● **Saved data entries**
+---+

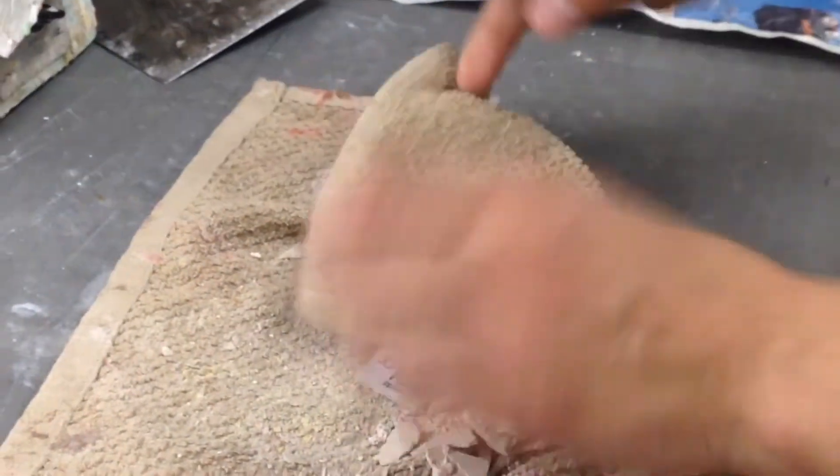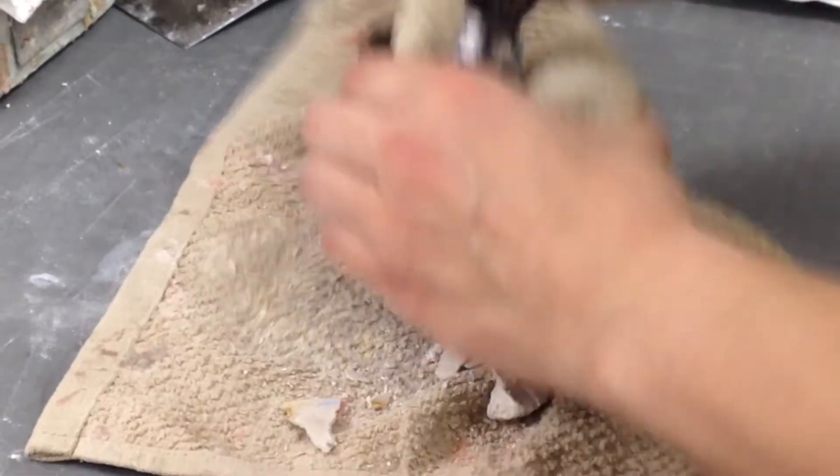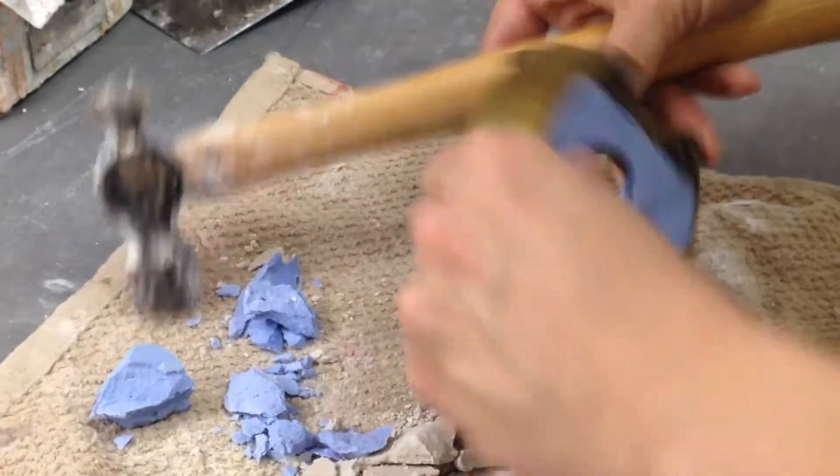This process may seem faster, but if care is not taken, you run a high risk of damaging the denture base or denture teeth.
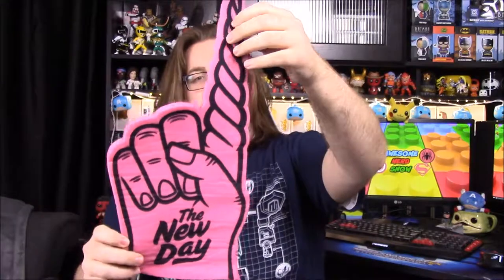Next up we have a Loot Crate item — I wasn't sure if it was a towel or a foam finger, but it is a foam finger. It's a New Day foam finger, barely fits out of the package. The pointer finger has been replaced by a unicorn horn, which goes with their whole unicorn theme.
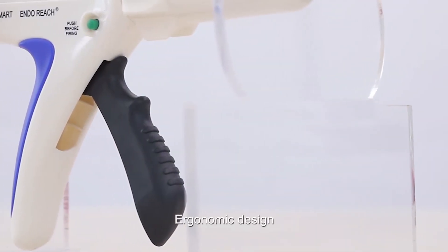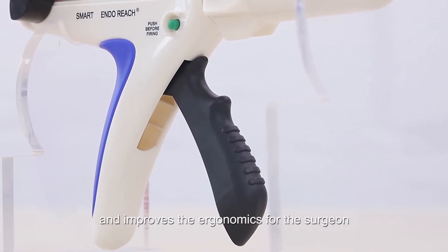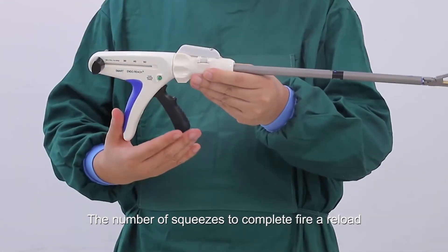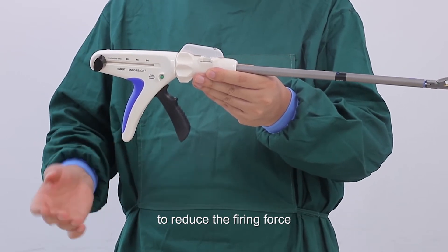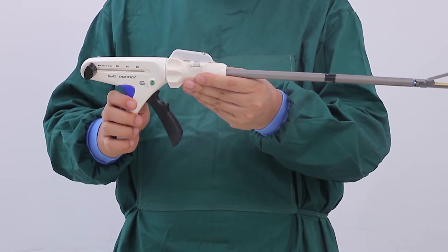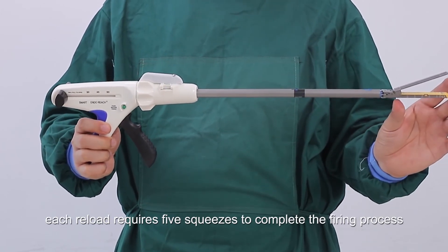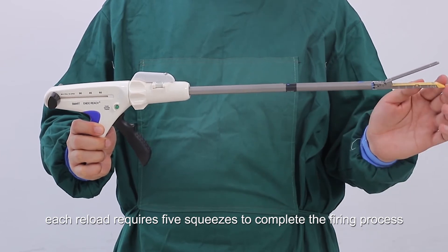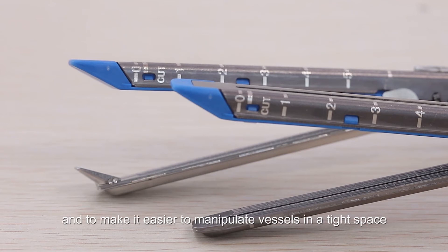Third, ergonomic design. A new handle design prevents slippage and improves ergonomics for the surgeon when gripping the trigger. The number of squeezes to completely fire a reload has been increased compared to the previous version to reduce the firing force. In the case of a 60mm reload, for example, each reload requires five squeezes to complete the firing process. We have also introduced a new curved tip design to improve efficiency during surgery and to make it easier to manipulate vessels in a tight space.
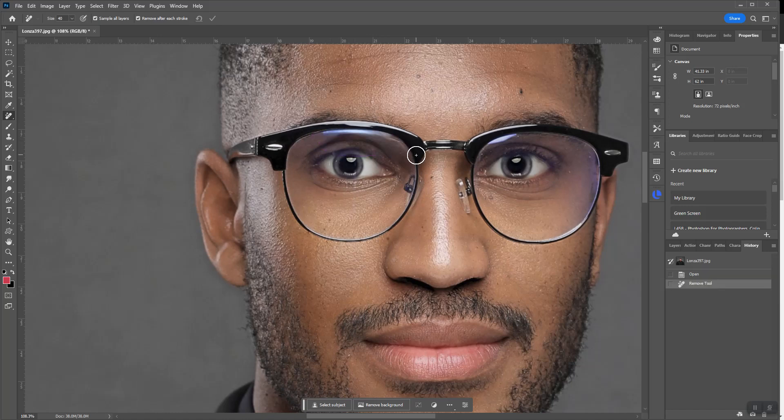Let's do this one first. There you go — that's pretty slick.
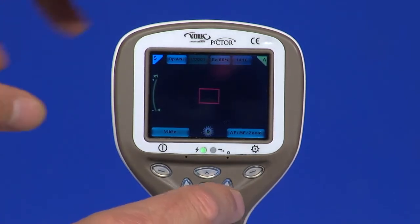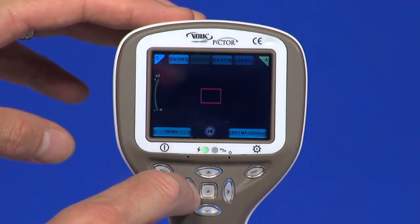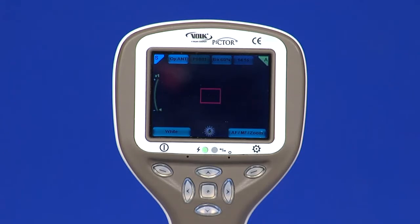Light is adjusted using the left and right arrow keys. There are ten brightness levels. The default value is five, and suitable illumination is typically between two and eight.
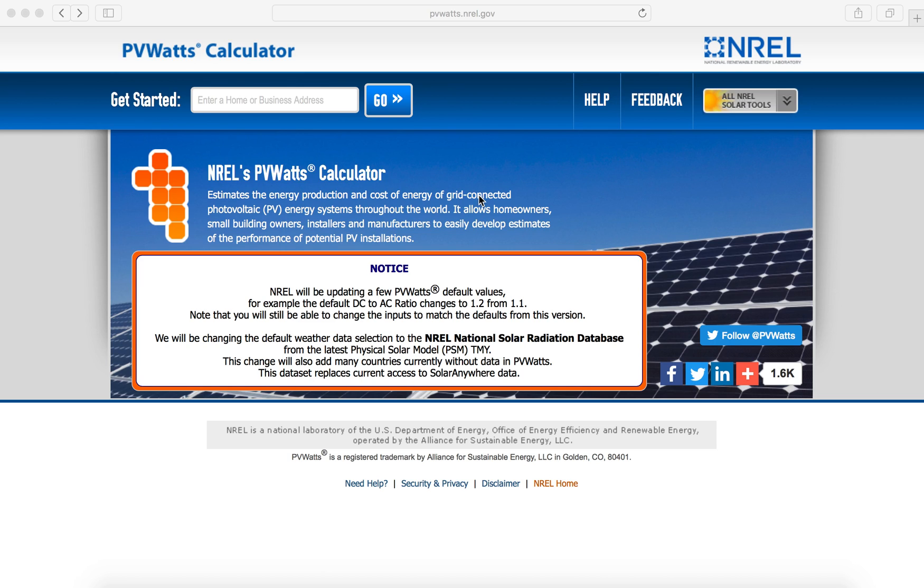A great tool you can use to help measure your home's solar potential is called PVWatts. PVWatts is sponsored by NREL, or the National Renewable Energy Laboratory, and to access this tool you'll go to pvwatts.nrel.gov.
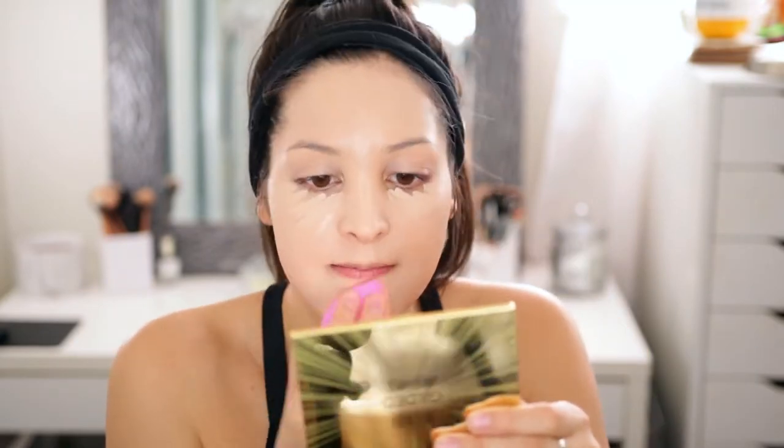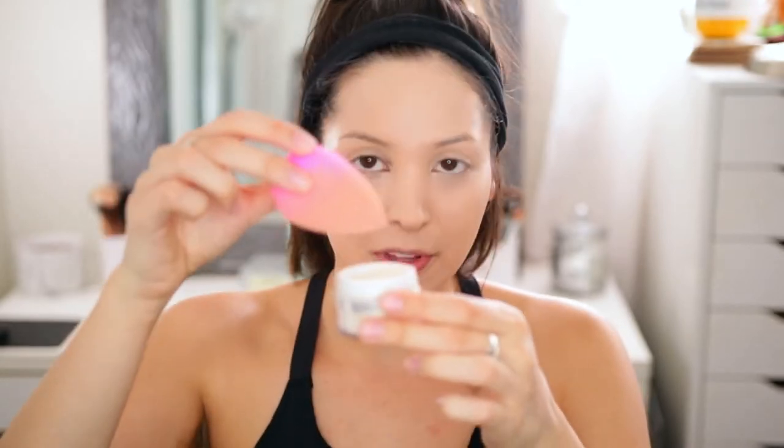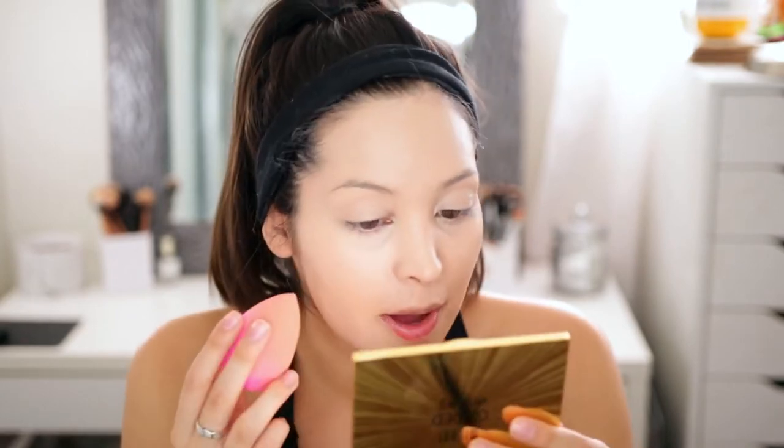Now for concealer, of course going to use the No Filter concealer and just conceal underneath the eyes per usual. Just going to blend all of this out. Now that we have the foundation and concealer on, I'm just going to go in with the Colourpop No Filter Setting Powder and set the whole face with this. You guys know I'm not a huge fan of this packaging because it's so tiny and dipping the beauty blender in there is a little bit of a hassle. But I still thought it was a pretty good setting powder.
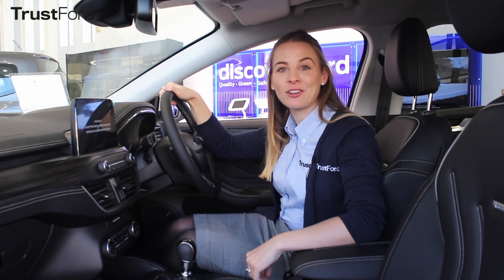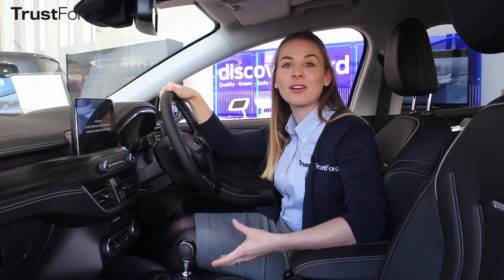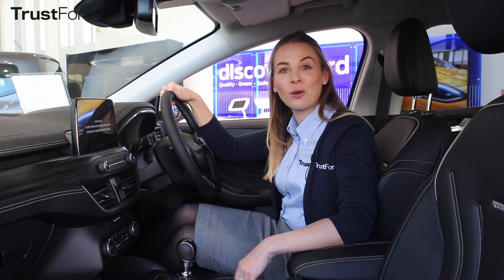We're sure you're really looking forward to that extra hour in bed in the morning, but each year we're faced with the challenge of how to adjust the clock on your car. So to make your life a little bit easier, we want to show you how to adjust the time on your clock on your Ford.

+---+

● **Task directions**
Pictures in the entries do not go into the copy. Print only the lines starting at the one containing "Let's do this" and ending at the one containing "Light is adjusted", exactly as they appear.

● **Worked solution**
Let's do this one first. There you go — that's pretty slick.
Light is adjusted using the left and right arrow keys. There are ten brightness levels. The default value is five, and suitable illumination is typically between two and eight.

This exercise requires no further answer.